*** Opening of Source material ***
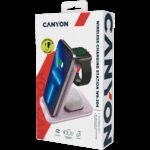 Безжични зарядни CANYON CANYON wireless charger WS-304 15W 3in1 Iced Pink - Image 9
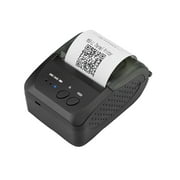 58mm Thermal Printer Mini Portable ABS Wireless Bluetooth Fast IOS Android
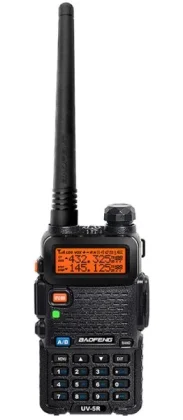 Комплект Baofeng UV-5R + Гарнітура Baofeng з кнопкою РТT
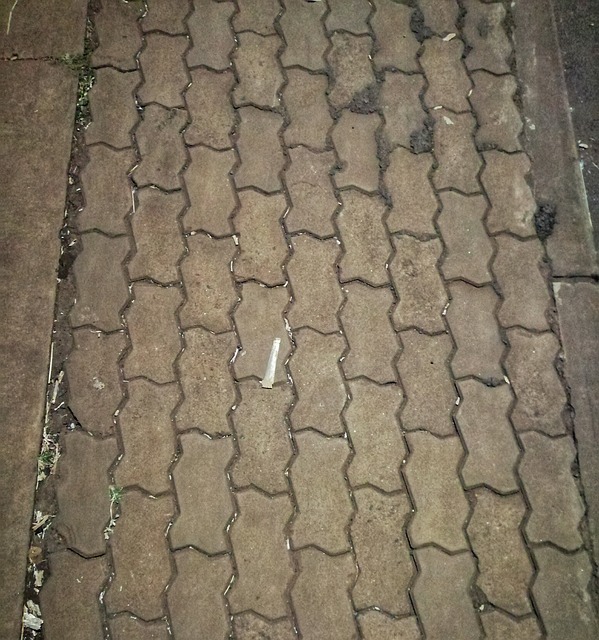 Silnice, Ulice, Chodník, Město, Cihlový
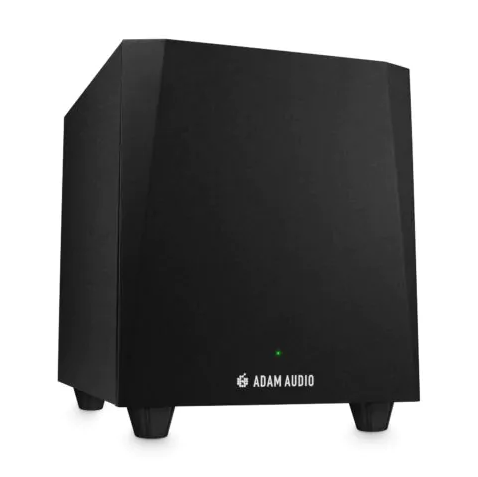 [T10S BK US] SUBWOOFER DE STUDIO ADAM AUDIO, 10", 190 WATTS, NEGRO,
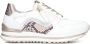 GABOR Lage Sneakers Dames 529 Maat: 41 Materiaal: Leer Kleur: Wit - Thumbnail 1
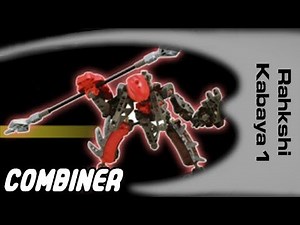 Lets Combine Bionicle - Rahkshi Kabaya 01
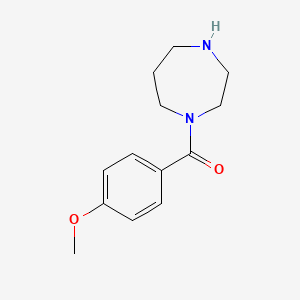 1-(4-Methoxybenzoyl)-1,4-diazepane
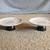 Set of 2 Rae Dunn Wish Cake Stands - I will separate 3 thumbnail
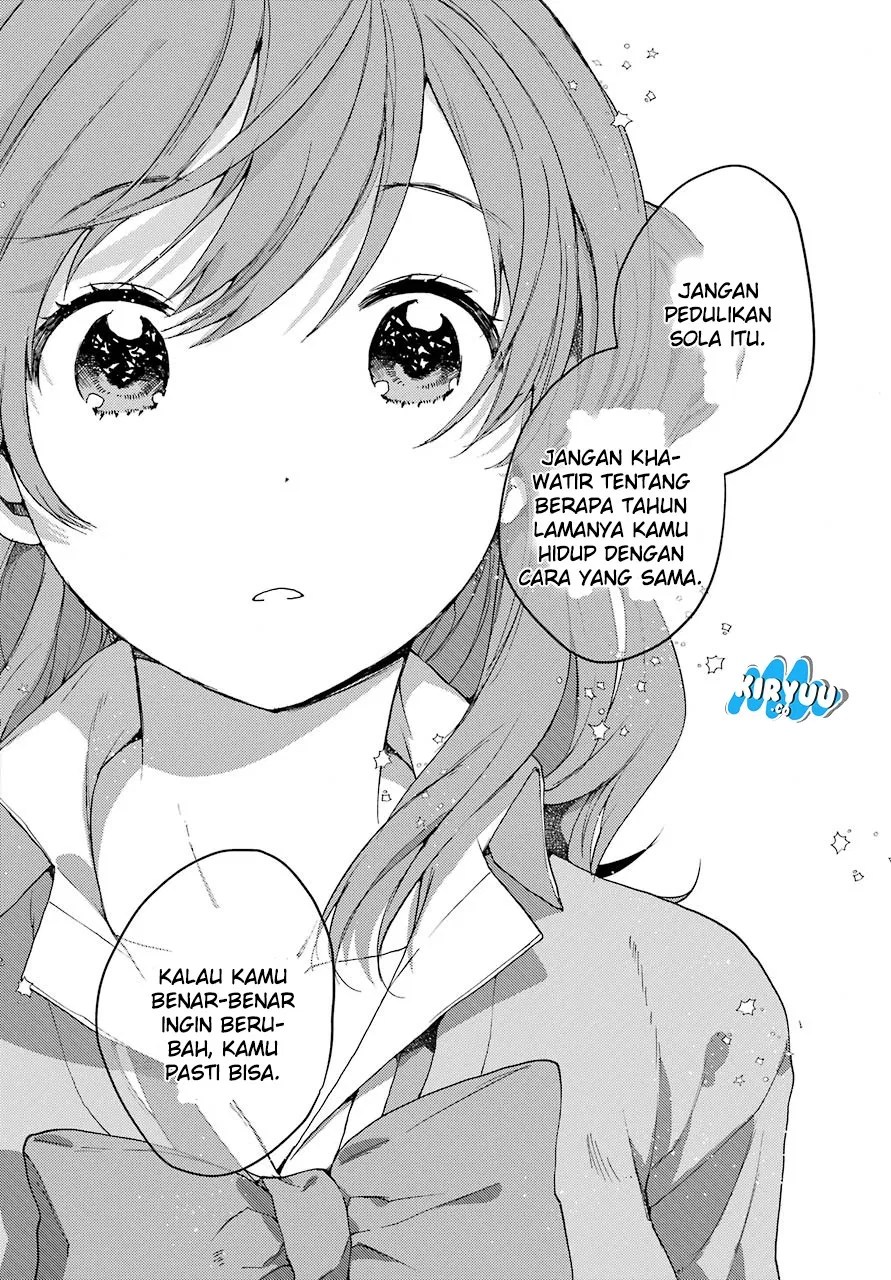 Jaku-chara Tomozaki-kun Chapter 09 Gambar 22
*** Close of Source material ***
What the task requires: Write out only the lines from the one that contains "Lets Combine Bionicle - Rahkshi Kabaya 01" through the last line of the records above, both included, word for word and without the pictures.

Task solution:
 Lets Combine Bionicle - Rahkshi Kabaya 01
 1-(4-Methoxybenzoyl)-1,4-diazepane
 Set of 2 Rae Dunn Wish Cake Stands - I will separate 3 thumbnail
 Jaku-chara Tomozaki-kun Chapter 09 Gambar 22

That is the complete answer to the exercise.